▸ **Task objective**:
In the entries below, find the line with "小さな羊 かわいいシンプルなミニマリストの動物 羊 長袖Tシャツ 高齢者への贈り物" and print exactly every line from there up to and including the line with "15 Pcs Summer Stickers Pack (A4 Sheet)", with no other lines.

----- Information -----

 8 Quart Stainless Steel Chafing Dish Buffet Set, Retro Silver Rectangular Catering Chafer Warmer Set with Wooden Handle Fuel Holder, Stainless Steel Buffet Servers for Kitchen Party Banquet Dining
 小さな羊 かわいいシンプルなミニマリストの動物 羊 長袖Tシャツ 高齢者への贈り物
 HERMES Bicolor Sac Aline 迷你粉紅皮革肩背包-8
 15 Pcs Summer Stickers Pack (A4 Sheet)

-----
----- Information -----

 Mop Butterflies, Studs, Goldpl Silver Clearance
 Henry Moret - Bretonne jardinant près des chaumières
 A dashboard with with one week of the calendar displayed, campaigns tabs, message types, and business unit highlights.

-----
----- Information -----

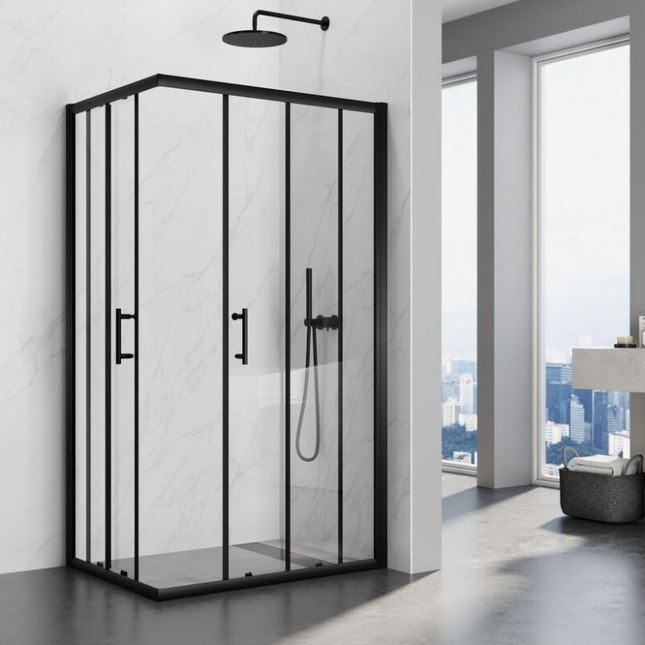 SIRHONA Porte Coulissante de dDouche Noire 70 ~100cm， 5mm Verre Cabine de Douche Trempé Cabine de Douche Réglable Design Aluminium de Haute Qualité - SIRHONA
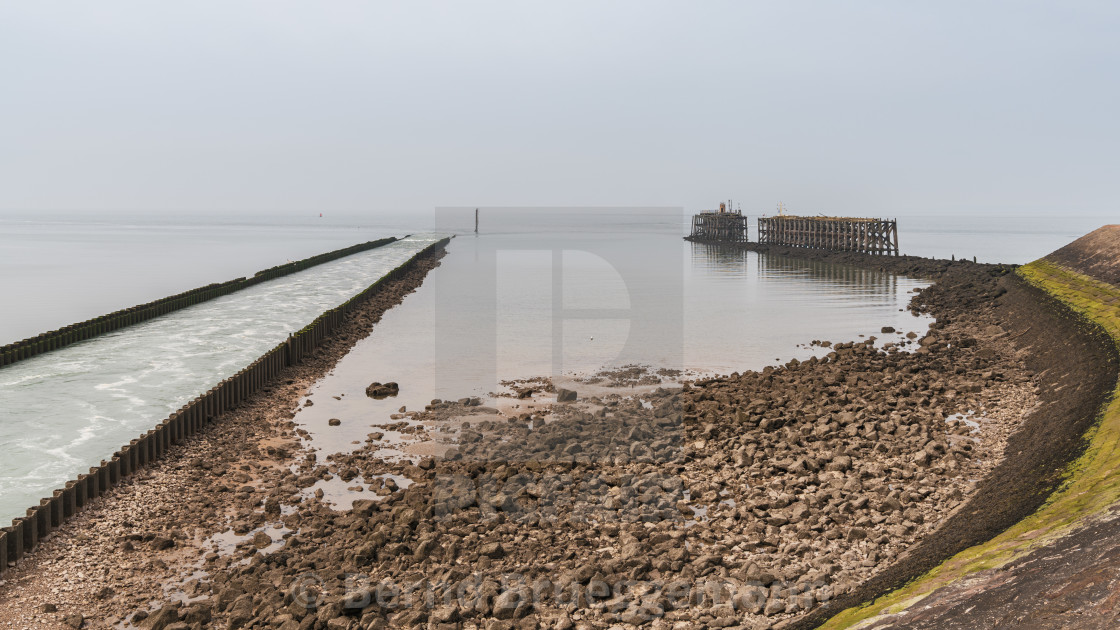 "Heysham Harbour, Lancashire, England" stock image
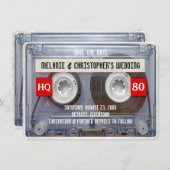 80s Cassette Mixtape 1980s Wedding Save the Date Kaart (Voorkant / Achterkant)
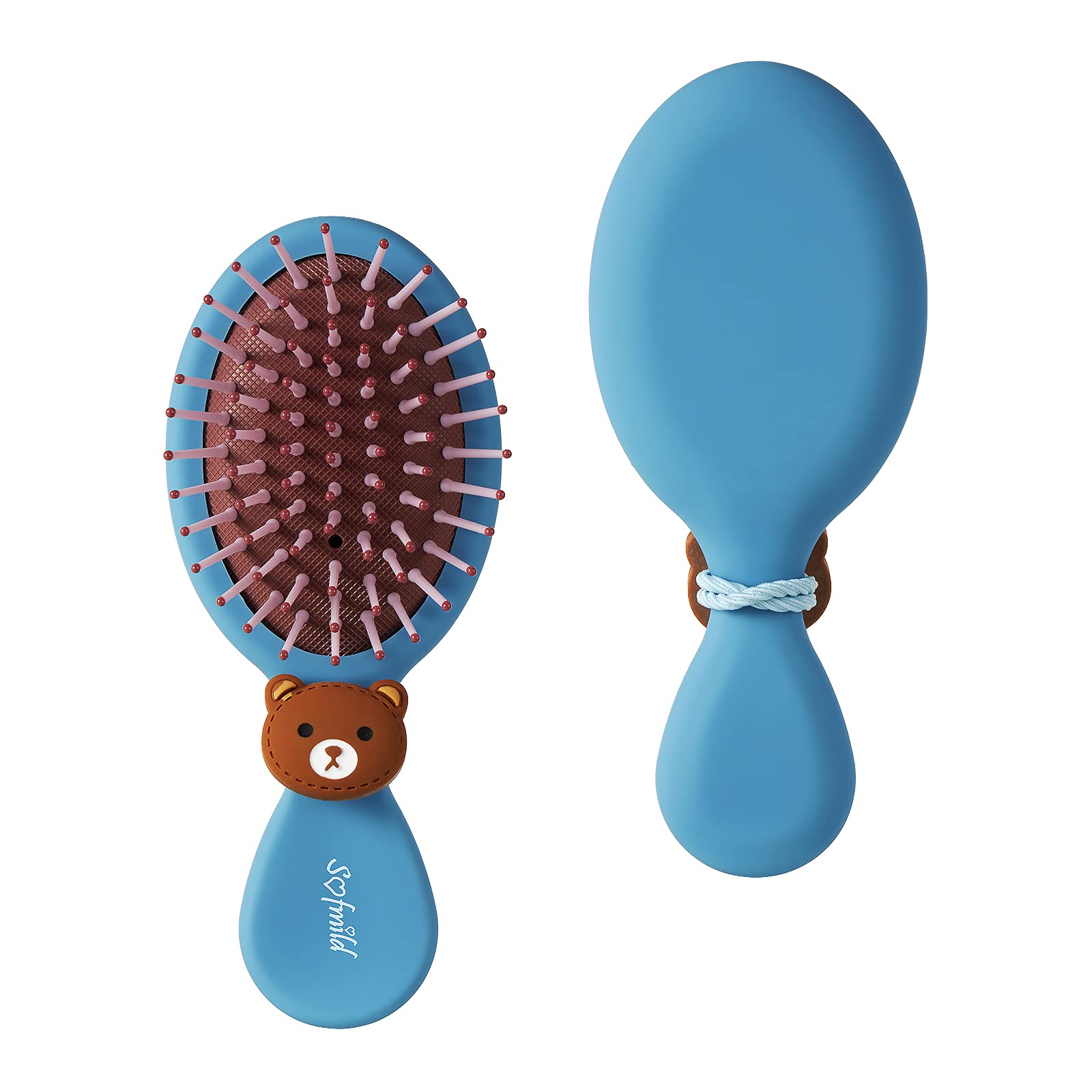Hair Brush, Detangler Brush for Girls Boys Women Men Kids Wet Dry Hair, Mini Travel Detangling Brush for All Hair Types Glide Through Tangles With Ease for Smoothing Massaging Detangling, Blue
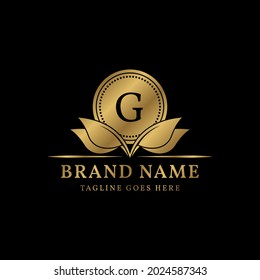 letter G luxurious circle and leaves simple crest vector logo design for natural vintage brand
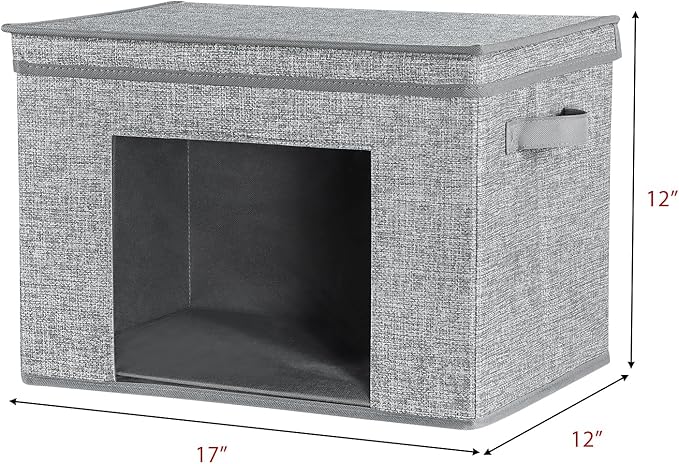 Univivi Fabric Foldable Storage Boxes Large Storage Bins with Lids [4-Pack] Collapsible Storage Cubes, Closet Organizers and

-----

▸ **Task result**:
 小さな羊 かわいいシンプルなミニマリストの動物 羊 長袖Tシャツ 高齢者への贈り物
 HERMES Bicolor Sac Aline 迷你粉紅皮革肩背包-8
 15 Pcs Summer Stickers Pack (A4 Sheet)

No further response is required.